The amendment primarily targets Section 236Y, introduced through the Finance Act of 2022, which initially subjected payments to non-residents made through debit or credit cards to a withholding tax rate of 1 percent for individuals on the Active Taxpayers List (ATL) and 2 percent for non-ATL individuals. According to the FBR, such payments have been significantly contributing to the outflow of foreign exchange from the country, impacting the overall foreign exchange reserves.
To curb unnecessary outflows and bolster foreign exchange reserves, the FBR has taken a decisive step to increase the withholding tax rates under section 236Y. As per the latest amendments introduced by the Finance Act of 2023, the withholding tax rate has been raised from 1 percent to 5 percent for individuals on the Active Taxpayers List. For non-ATL individuals, the tax rate has been set even higher, at 10 percent, up from the previous 2 percent.

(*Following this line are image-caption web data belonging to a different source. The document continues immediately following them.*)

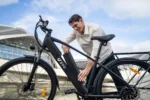 DYU C5 27.5in City E-Bike, 65km Range - Image 12
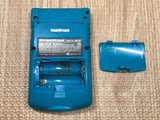 LG7540 Not Working - GameBoy Color Blue Console Nintendo Japan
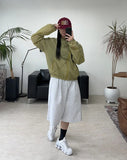 Alt Washed Embroidered Camp Cap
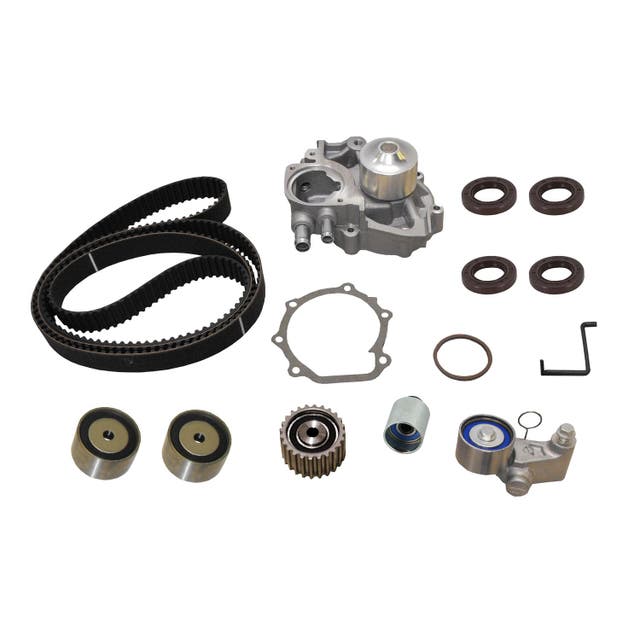 Continental Engine Timing Belt Kit with Water Pump for a Subaru Impreza | PP328LK5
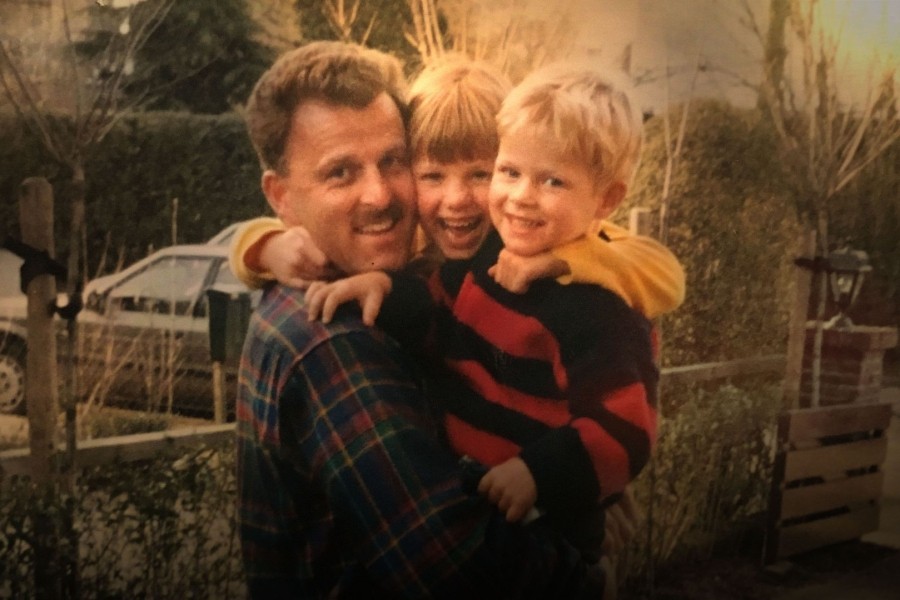 Staand Verder Leven: Na De Moord Op Peter R. de Vries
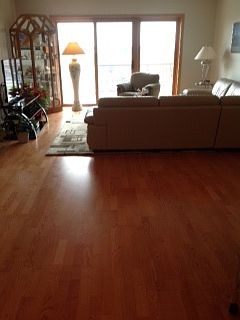 Living Room/Dining Room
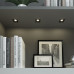 Заказать Встраиваемый светильник Elektrostandard 15271/LED 3W BK черный| VIVID-LIGHT.RU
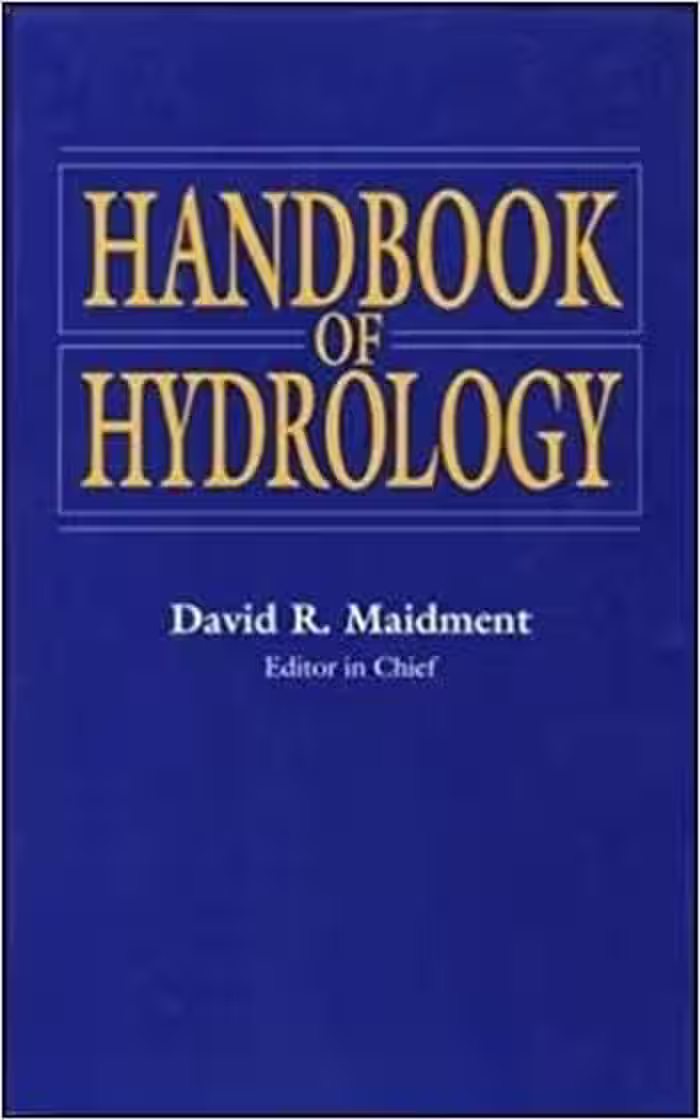 󾕇 دانلود کتاب Maidment D. R., Handbook of Hydrology, 1993 - دانلود کتاب های دانشگاهی
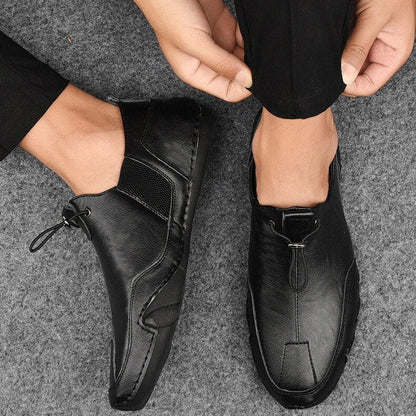 Contemplative Casual Slip-On Comfort Shoes For Men | Dario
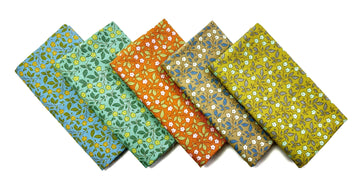 Tilda Sunday Brunch Tipsy Fat Quarter Bundle (5 pcs) Tilda Sunday Brunch Tipsy Blender Fat Quarter Bundle 5pcs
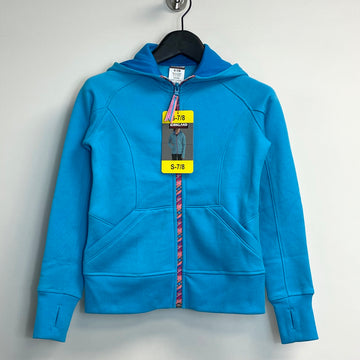 Kirkland Girls Full Zip Performance Hoodie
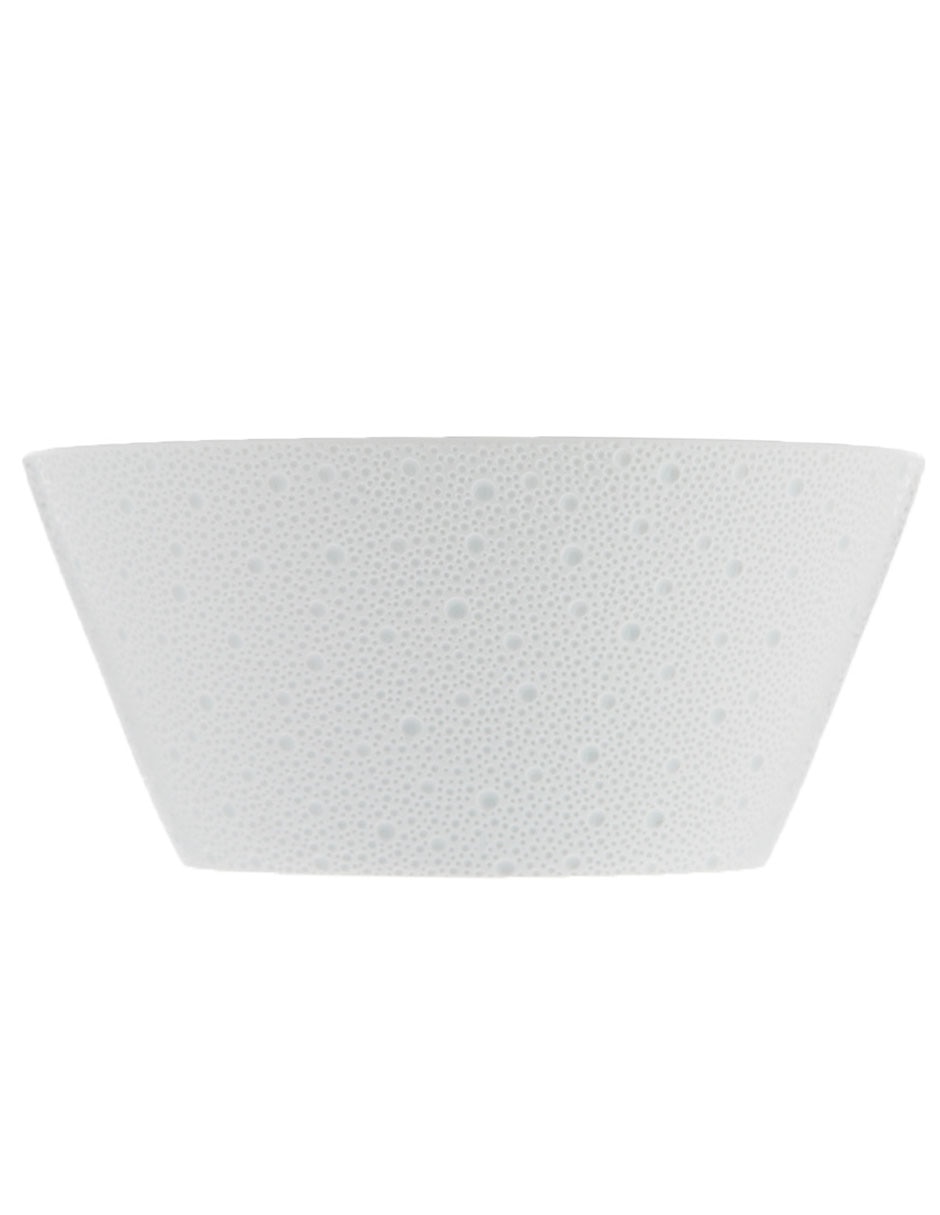 Ensaladera Ecume de porcelana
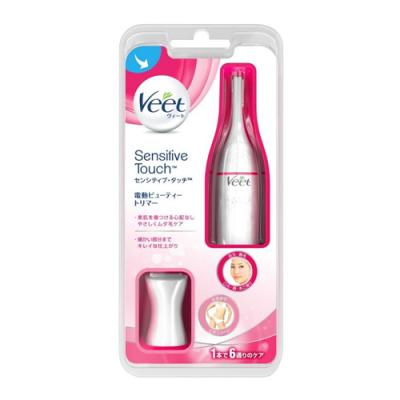 Veet(ヴィート) センシティブ・タッチ 電動ビューティートリマー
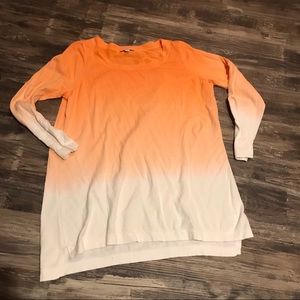 Isaac Mizrahi long sleeve sweater size 2X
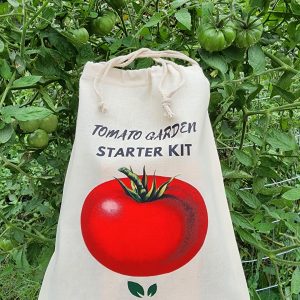 Tomaten Garten Starter Kit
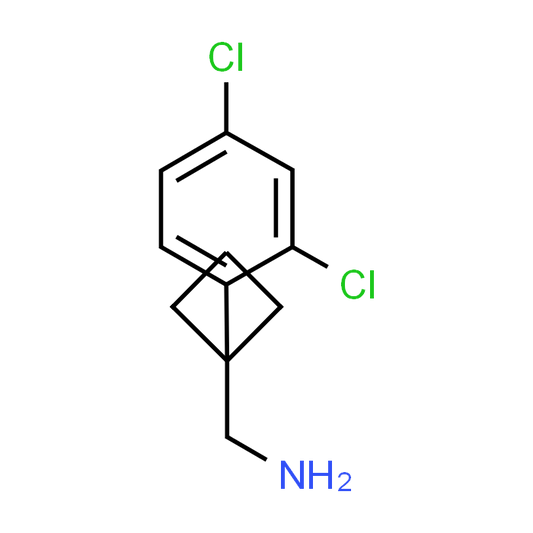 (1-(2,4-Dichlorophenyl)cyclobutyl)methanamine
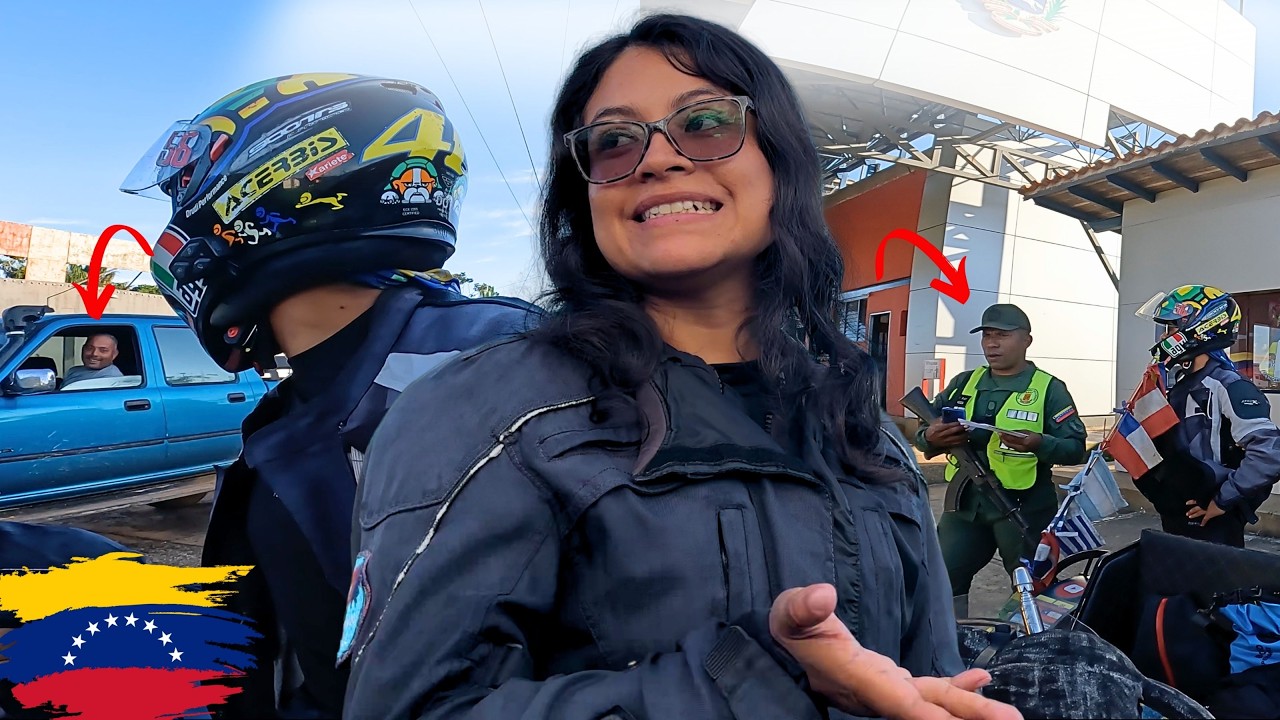 ¿Por qué NOS TRATAN ASÍ en VENEZUELA 🇻🇪? C255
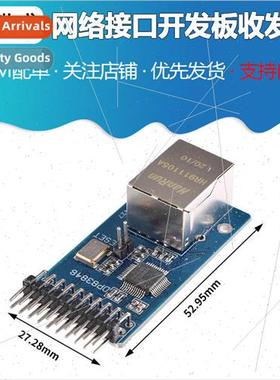 DP83848 network module ethernet module ethernet network inte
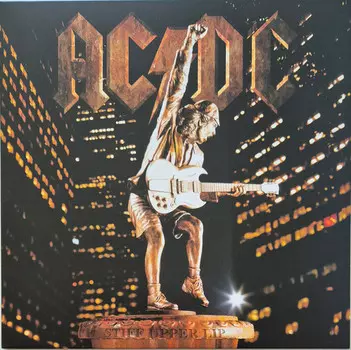 Пластинка AC/DC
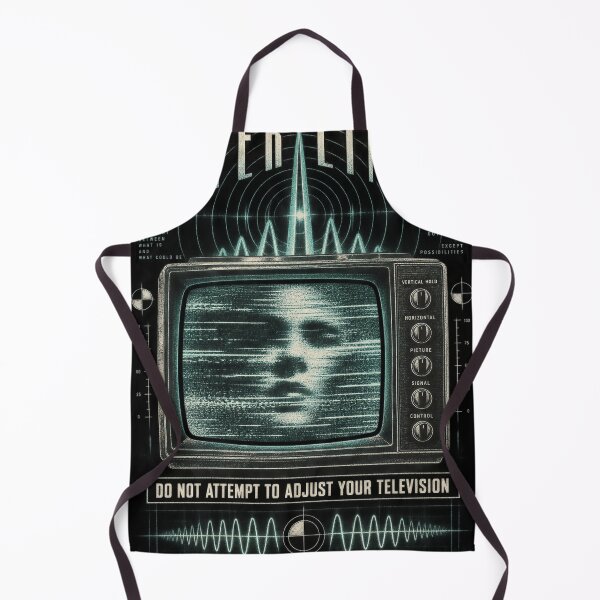 Item preview, Title  Do Not Adjust Your Television — The Outer Limits designed and sold by Cohaagens Bazaar.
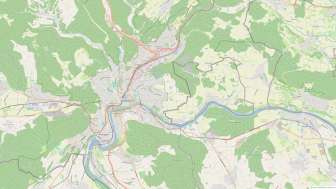 Afficher l'emplacement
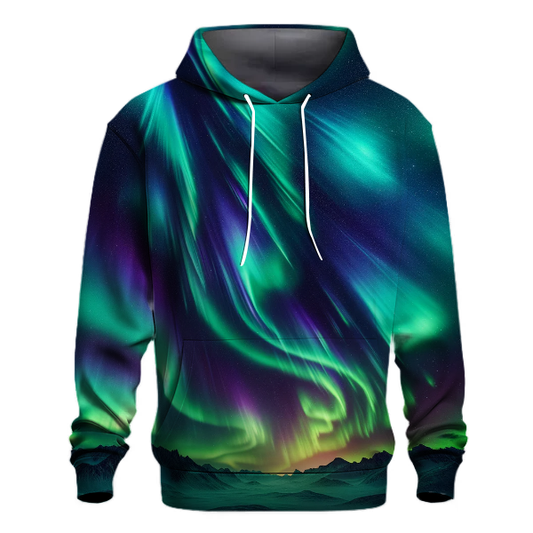 Radiant Aurora Hoodie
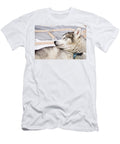 Husky Sled Dog Delphimages Photo Creations T-Shirt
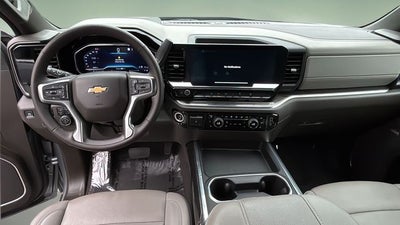 2025 Chevrolet Silverado 2500HD LTZ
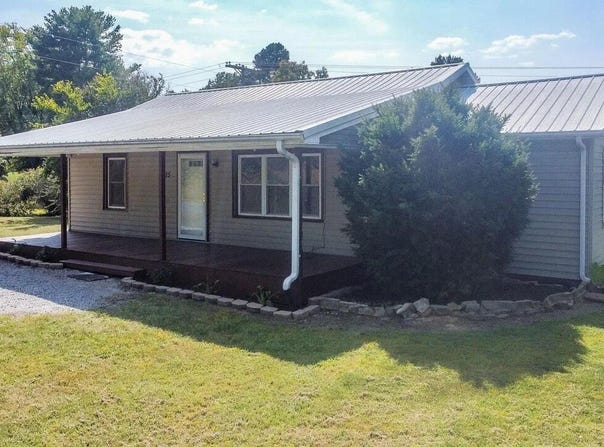 715 Cedar Grove Road, Burna, KY 42028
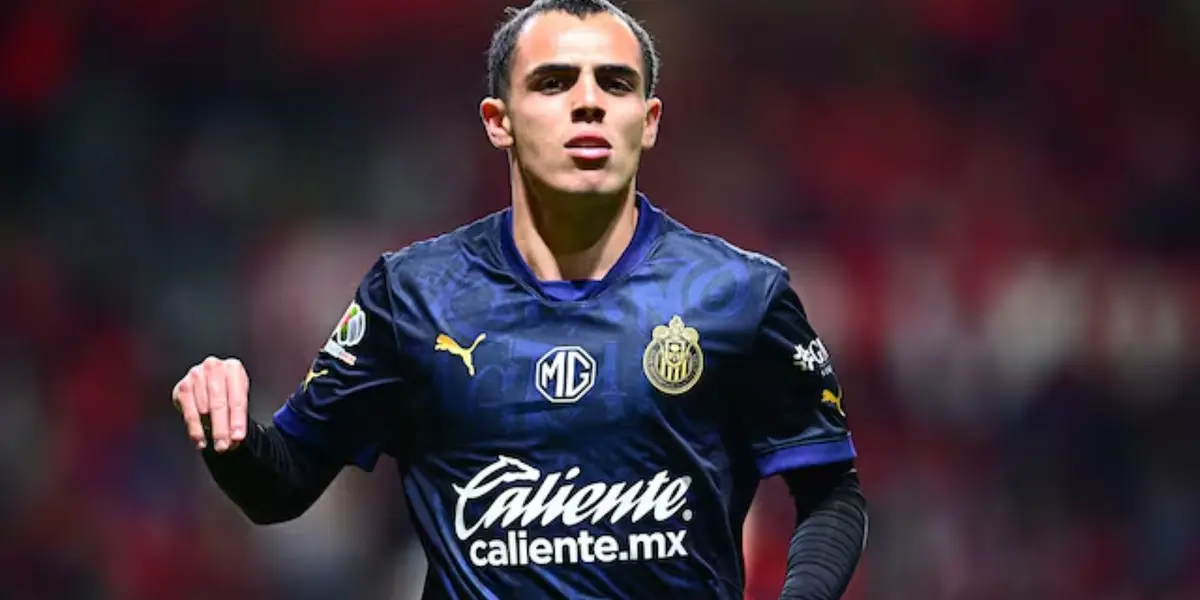 Camberos podría salir gratis de Chivas y dejar un gran hueco | Foto: Mexsport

The significant tax hike aims to incentivize people to explore alternative payment methods and reduce their reliance on debit or credit cards for transactions involving non-resident entities. This measure is expected to help Pakistan stem the outflow of dollars and stabilize its foreign exchange reserves, thus reinforcing the country’s financial position and economy.
The government expresses confidence that this measure will not only address the issue of foreign exchange outflow but also promote the use of official channels for transactions with non-resident entities. By incentivizing the use of more regulated payment methods, the authorities hope to enhance transparency and improve the tracking of financial transactions, ultimately benefiting the overall economy.
However, some concerns have been raised about the potential impact on individuals and businesses, particularly those engaged in cross-border transactions. Critics argue that such a significant tax hike could increase the cost of doing business and may potentially deter foreign investments in the country.
It remains to be seen how the implementation of this tax increase will unfold and its ultimate impact on Pakistan’s economy and foreign exchange reserves. The government will closely monitor the situation and take further measures as needed to achieve a balance between curbing dollar outflows and fostering a favorable investment environment in the country.